In work we had 6 snap traps at various locations. Every morning we were catching at least 4 or 5 in these but it still wasn't stopping them. We got a guy in who laid poison boxes. After a week there was no sign of mice at all. For a week the CCTV room had a bad smell so I guess that was where they were nesting with the heat etc. After a week the smell disappeared and there has been no sign of them since.


----------



## alan hanson

we had rats in a prvious job which tehy used glue trays, needless to say i was first in around 3 in the morning and in the glue traps sometimes would just be a leg wheer the rat has got trapped and gnawed its own leg off to escape


----------



## LeadFarmer

Im all for catching/killing rats but those glue trays do seem a bit cruel, unless someones around to kill them pretty quick. But then poison isn't exactly nice either, so its a tough call.


----------



## PaulaJayne




----------



## Bero

DaveDesign said:


> Loft still has stuff in, whats my best approach.... empty loft.... seal where i think their getting in, under sink perhaps around waste stacks in loft with fire retardent expanding foam. Then keep trapping?
> 
> Wife has been reluctant for me to empty loft in case we bring some or a nest down!
> 
> Advice or suggestions?


Use something else with expanding foam, steel wool is good, they can just chew through expanding foam.

I would not be worried about taking things down from the loft......the Mrs might not like the idea, but it's not like the current mice see the loft as their space and everywhere else as your space.....sneaking in under your sink and scurrying straight up to 'their area'.

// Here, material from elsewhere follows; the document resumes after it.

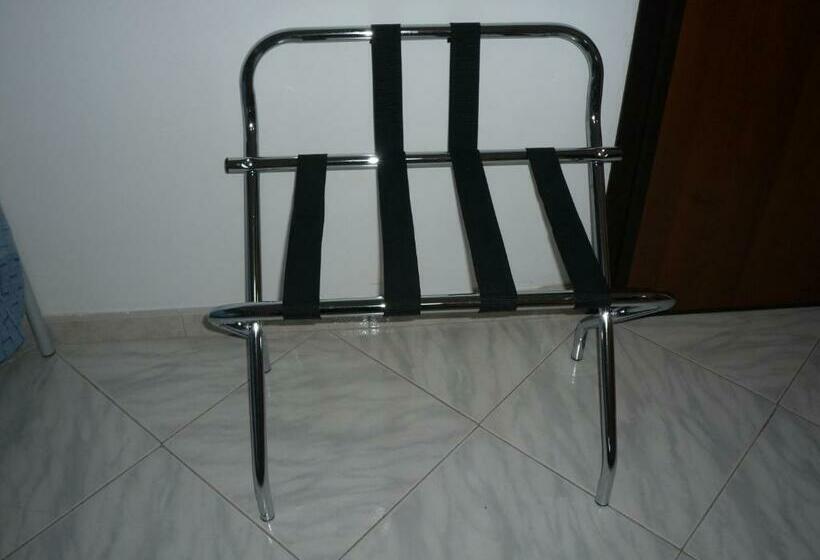 标准三人间, La Valle Verde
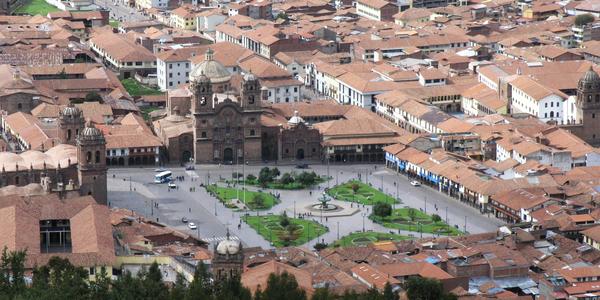 Cuzco z pevnosti Sacsayhuaman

If you're catching so many mice I'd maybe try something that traps multiple mice with one setting. Tale a look for 'making a 5 gal bucket mouse trap'.


----------



## DaveDesign

Mouse update!!!

Had 10 of the buggers in snap traps so far. Not had a catch since before xmas.
Had a pest controller around, he cant find where their getting in from, checked our house then spoke to a neighbor and checked their brick vents. there are some garages attached to my neighbors house with an apartment above. His only suggestion was their getting into the cavities via the garages or that apartment then using the cavities to travel. No signs of nesting in our loft just roaming looking for food. He laid some poison. I can see they have had a good go at one of the poison trays.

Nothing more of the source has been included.